Would you please give the entries again word for word, with no images in your copy?

Scraped caption text data
--

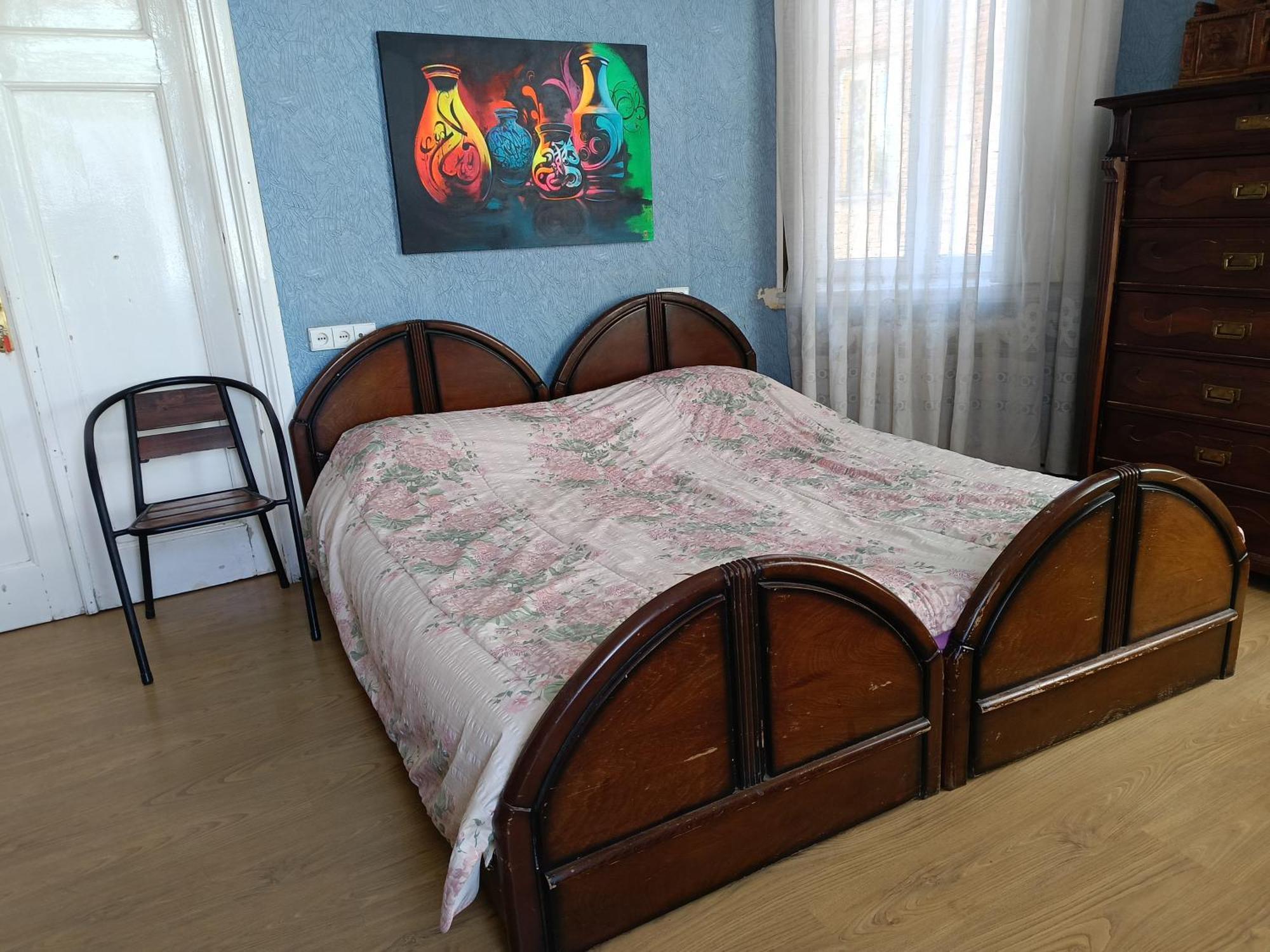 Guest House Irina Τυφλίδα Εξωτερικό φωτογραφία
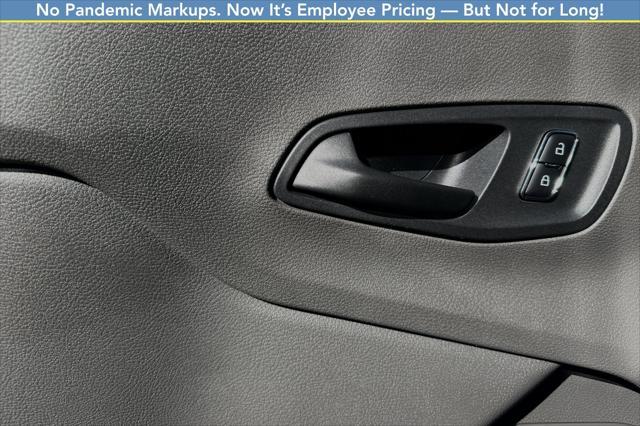 new 2024 Ford Transit-250 car, priced at $47,838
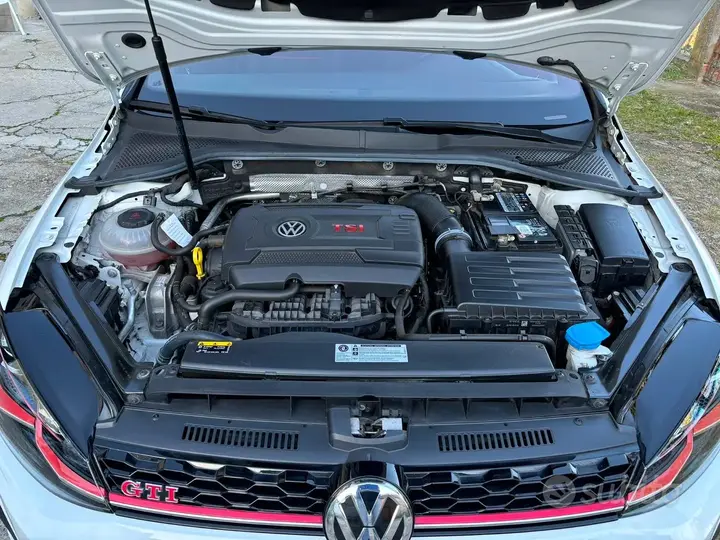 Volkswagen Golf 2020 photo 5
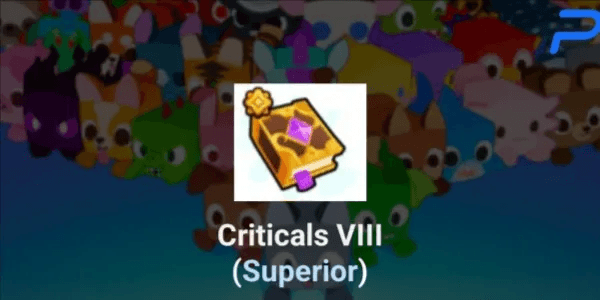 Criticals VIII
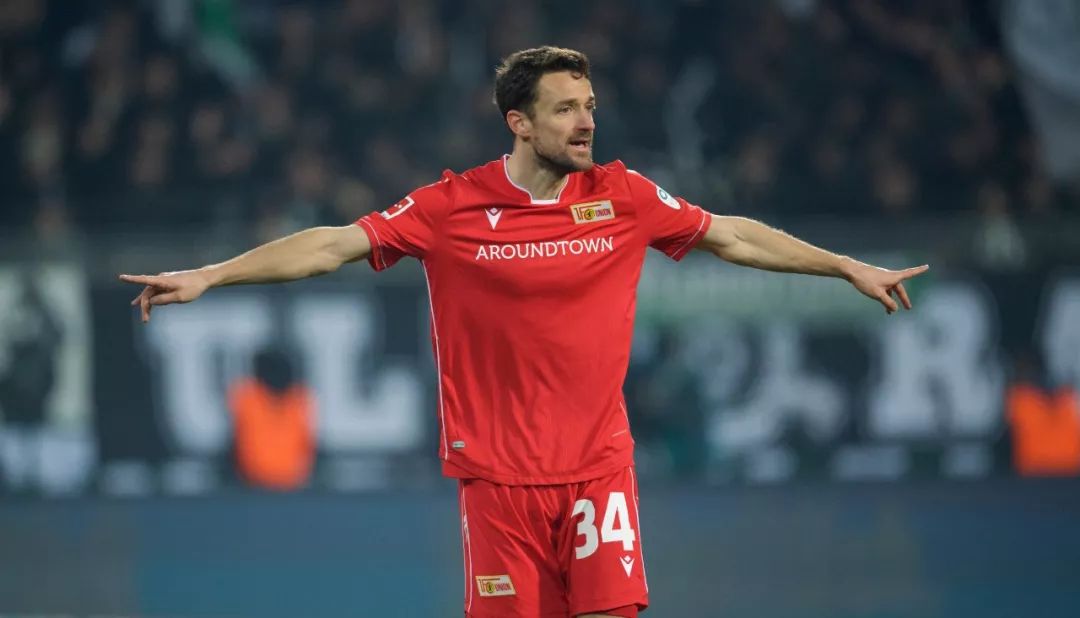 柏林联1-0柏林赫塔,柏林联2到0进球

--

Solved problem:
 Guest House Irina Τυφλίδα Εξωτερικό φωτογραφία
 new 2024 Ford Transit-250 car, priced at $47,838
 Volkswagen Golf 2020 photo 5
 Criticals VIII
 柏林联1-0柏林赫塔,柏林联2到0进球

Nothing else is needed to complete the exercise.